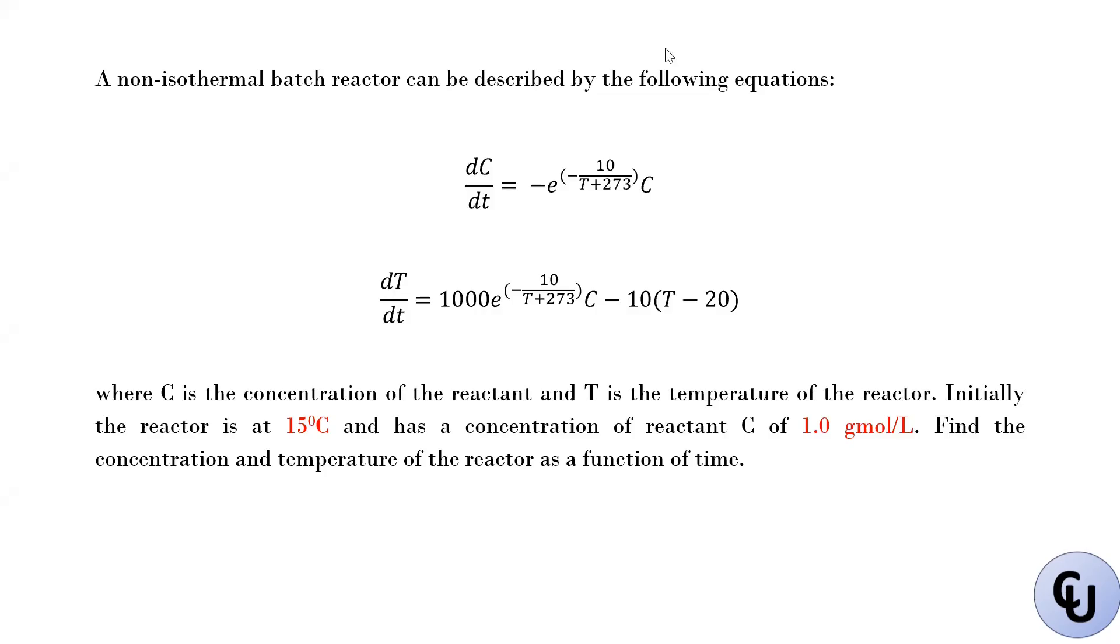Hello, so welcome to another video on GPROMS. Today we're going to look at a simple non-isothermal batch reactor in GPROMS. It's going to be a very simple model.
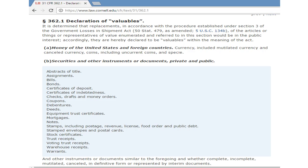Coupons. Debentures. Deeds. Equipment trust certificates. Mortgages. Notes. Stamps including postage, revenue, license, food order, and public debt. Stamped envelopes. Postal cards. Stock certificates. Trust receipts. Voting trust receipts. Warehouse receipts. Warrants. And other instruments or documents similar to the foregoing, whether complete, incomplete, mutilated, canceled, in indefinite form, or represented by interim documents.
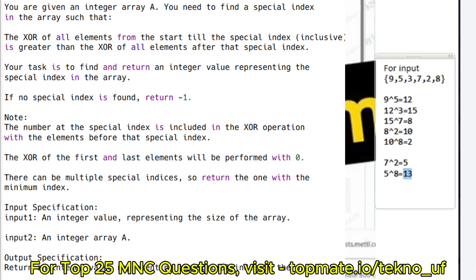These two questions appeared in the Virtusa exam and are part of the power coding round. The first question: you are given an integer array and need to find a special index such that the XOR of all elements from the start till the special index is greater than the XOR of all elements after the special index. Return the special index, or minus one if no special index is found.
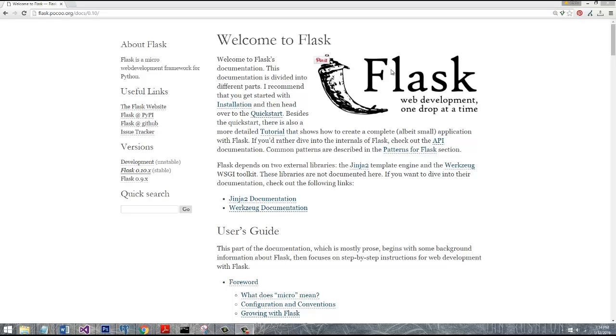A lot of people like that about Flask. You're going to end up writing more code initially than something like Django, but you'll also be very intimate with how that code works. The experience there is priceless.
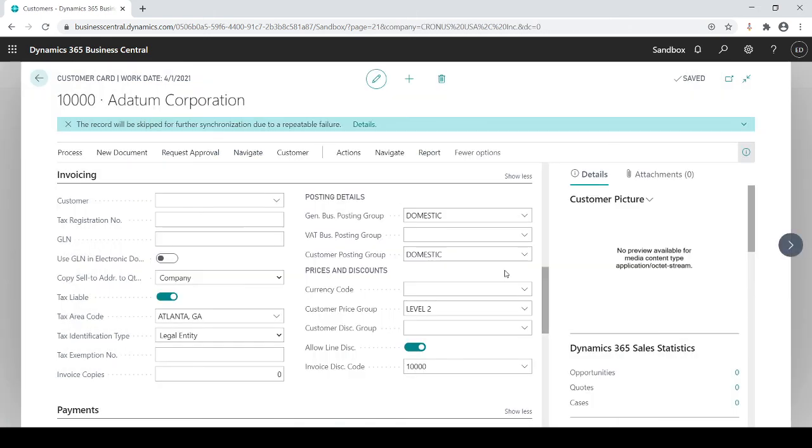So that's how customer pricing would work. Thanks for watching. If we could further assist you, please reach out to us here at epcgroup.net.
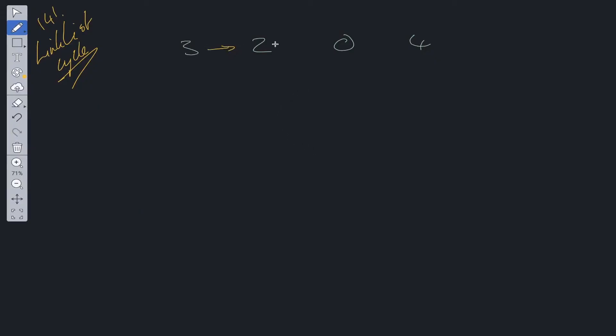Well, we've got a next pointer which is pointing, and then 4 is pointing back to 2. The way we could do this is we could use an algorithm known as the tortoise and hare algorithm, or we could just denote it as fast and slow pointer.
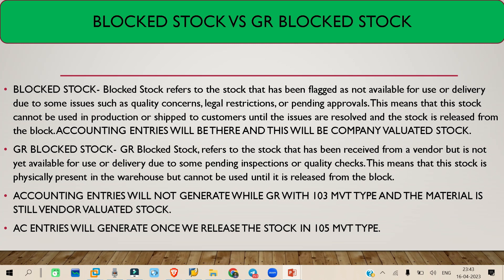This is the difference between Block Stock and GR Block Stock. I believe this concept is clear to you. That's it for today — let's meet again tomorrow with more topics. Till then, bye bye and take care.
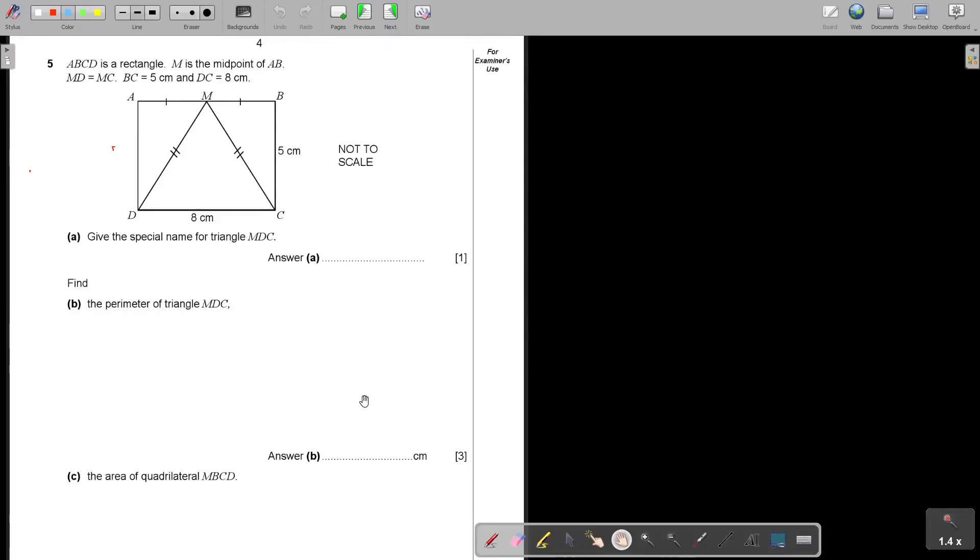Mathematics, Ordinary Level, Paper 2, 2022, Part 2. Let's look at question number 5. ABCD is a rectangle.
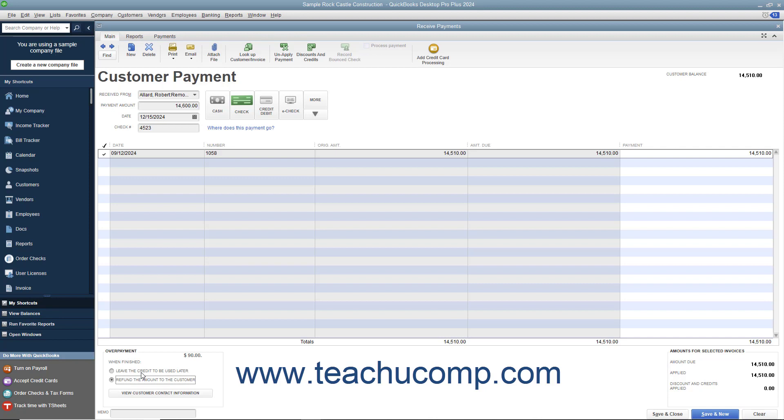Select the Desired Option button and then click either the Save & Close or Save & New buttons to save the transaction window and either generate a credit or issue a refund check.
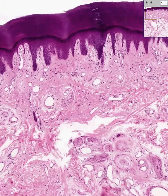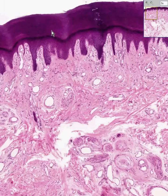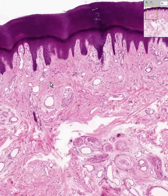Here we have another section of skin. In contrast to the last section of skin that we saw, which was called thin skin, in this section of thick skin we can see that the stratum corneum, which extends all the way from here to here, is considerably thicker than the entire thickness of the rest of the epidermis. That's why it's called thick skin.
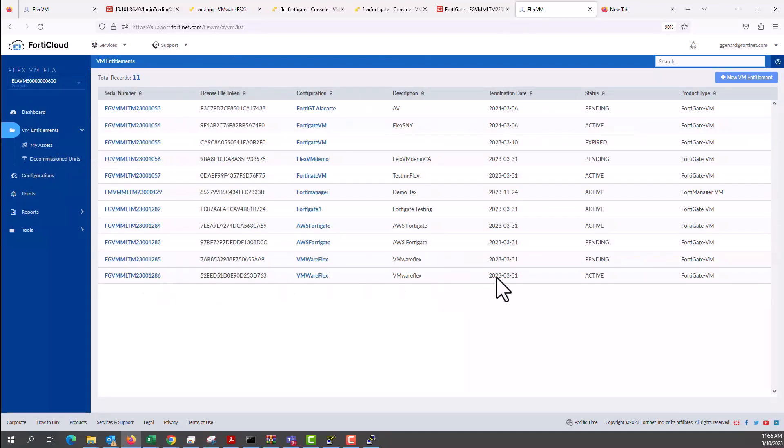Let's go to the FortiCloud account on the entitlements. As you can see, 1286. And it's currently active. Thank you for watching.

-*-*-

## Exercise goal
Write out, word for word, the lines from the start of the data through the one holding "A lot of people". Omit pictures.

## Written answer
Hello, so welcome to another video on GPROMS. Today we're going to look at a simple non-isothermal batch reactor in GPROMS. It's going to be a very simple model.
Coupons. Debentures. Deeds. Equipment trust certificates. Mortgages. Notes. Stamps including postage, revenue, license, food order, and public debt. Stamped envelopes. Postal cards. Stock certificates. Trust receipts. Voting trust receipts. Warehouse receipts. Warrants. And other instruments or documents similar to the foregoing, whether complete, incomplete, mutilated, canceled, in indefinite form, or represented by interim documents.
These two questions appeared in the Virtusa exam and are part of the power coding round. The first question: you are given an integer array and need to find a special index such that the XOR of all elements from the start till the special index is greater than the XOR of all elements after the special index. Return the special index, or minus one if no special index is found.
A lot of people like that about Flask. You're going to end up writing more code initially than something like Django, but you'll also be very intimate with how that code works. The experience there is priceless.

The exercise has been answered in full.